Koreksi itu berjalan secara tak langsung melalui dua pintu: a) Kisahan Ajo Sidi tentang Haji  Saleh; b) Refleksi Kakek atas perbuatannya. Lalu koreksi itu membuahkan “hukuman” bagi  Kakek berupa bunuh diri dengan pisau. Ia menggunakan “pisau cukur”; fitur utama yang ada dalam dunia sehari-harinya di mana ia lebih dikenal sebagai pengasah pisau ketimbang garin.

Melalui relasi antara Ajo Sidi dan Kakek dapat kita lihat betapa wacana agama  menyusupkan kekuasaannya dalam lingkup privat, individu antar individu. Tercipta sebentuk koreksi, lalu hukuman.

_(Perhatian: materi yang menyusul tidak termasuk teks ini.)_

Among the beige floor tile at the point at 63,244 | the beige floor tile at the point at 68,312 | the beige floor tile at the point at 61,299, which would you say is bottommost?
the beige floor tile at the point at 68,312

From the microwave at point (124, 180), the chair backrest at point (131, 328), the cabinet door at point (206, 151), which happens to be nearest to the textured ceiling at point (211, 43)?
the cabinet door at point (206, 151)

Tentang hukuman, betapa sering kita temukan dalam cerpen-cerpen A.A. Navis tokoh-tokoh yang dihukum atas perbuatannya.

Hukuman sebagai bentuk pengingat tak hanya bagi yang melanggar, tapi demi  keberlangsungan kekuasaan yang berada dalam wacana. Subjek bisa merasa terhukum hanya dengan melalui koreksi tak langsung yang menyasar kesadaran, pikiran, dan jiwanya. Cerpen “Datangnya dan Perginya”[16] memperlihatkan bagaimana strategi kekuasaan itu membuat tokoh Ayah merasa terhukum, mempertanyakan kembali nilai-nilai yang dianutnya. Manakah  yang lebih bermoral, memberitahukan hal yang sejujurnya kepada Masri dan Arni bahwa  mereka adalah saudara sekandung demi mengutamakan nilai agama, atau membiarkan mereka tenggelam dalam ketidaktahuan atas nama nilai kemanusiaan?

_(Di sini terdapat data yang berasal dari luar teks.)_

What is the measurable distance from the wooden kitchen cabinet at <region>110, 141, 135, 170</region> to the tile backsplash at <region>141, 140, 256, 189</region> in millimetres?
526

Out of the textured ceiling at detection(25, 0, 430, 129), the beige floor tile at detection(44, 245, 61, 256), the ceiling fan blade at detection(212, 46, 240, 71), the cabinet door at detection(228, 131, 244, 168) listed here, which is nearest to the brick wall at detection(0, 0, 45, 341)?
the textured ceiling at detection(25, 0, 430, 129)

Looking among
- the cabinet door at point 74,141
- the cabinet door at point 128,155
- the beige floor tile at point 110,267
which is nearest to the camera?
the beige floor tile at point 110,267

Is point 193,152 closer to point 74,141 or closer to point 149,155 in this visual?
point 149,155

Dua nilai itu dipertentangkan. Tokoh Iyah sebagai subjek paling frontal menunjukkan  strategi kekuasaannya melalui pertanyaan yang ia lontarkan terus-menerus kepada tokoh  Ayah. Ia tak perlu berlaku menindas melainkan cukup menyerang dengan nilai-nilai yang dianggap benar pada konteks tertentu sehingga membuat Ayah tak berdaya. Pernyataan-pernyataan Iyah yang mengandung muatan koreksi atas nilai-nilai, berikut di antaranya:

“Rela aku menderita segala dosa-dosa ini, asal mereka tetap bahagia.” “Oh, alangkah tamaknya kau. Maumu hanya supaya kau saja bebas dari akibat  perbuatanmu yang salah dulu. Sehingga kini kau juga ingin merusakkan kebahagiaan anak anakmu sendiri. Hanya karena kau takut memikul hukuman atas dosa-dosamu seorang.” “Kaupikir, dapatkah ampunan itu dikejar dengan menyerahkan diri begitu saja tanpa  berani menanggung risiko dari kesalahan yang telah kaulakukan sendiri?”
“Omong kosong. Akal kau, iman kau, hanya suatu ucapan pelarian dari ketakutan  pada pembalasan atas kesalahanmu.”
“Kurangkah imanku, kalau dosaku adalah dosaku. Dan dosaku itu takkan kubagi bagikan ke orang lain, apalagi kepada anak-anakku.”
“Kau sebagai laki-laki tak pernah merasakan pahitnya hidup bercerai dari suami. Aku  merasakan itu. Dan aku tak rela kalau Arni akan menelan kepahitan seperti yang kutelan  dulu.”
Iyah juga merasa, bahwa lawannya tak hendak mundur dari pendiriannya. Tapi ia  tahu juga, bahwa kepercayaan manusia sukar dilenyapkan dengan perdebatan dan dengan dalil-dalil apapun. Dia kenal manusia seperti bekas suaminya itu, bahkan manusia lainnya, yang akan kalah oleh tusukan yang melalui perasaan kemanusiaannya. (Navis 2010: Hal. 69 -72)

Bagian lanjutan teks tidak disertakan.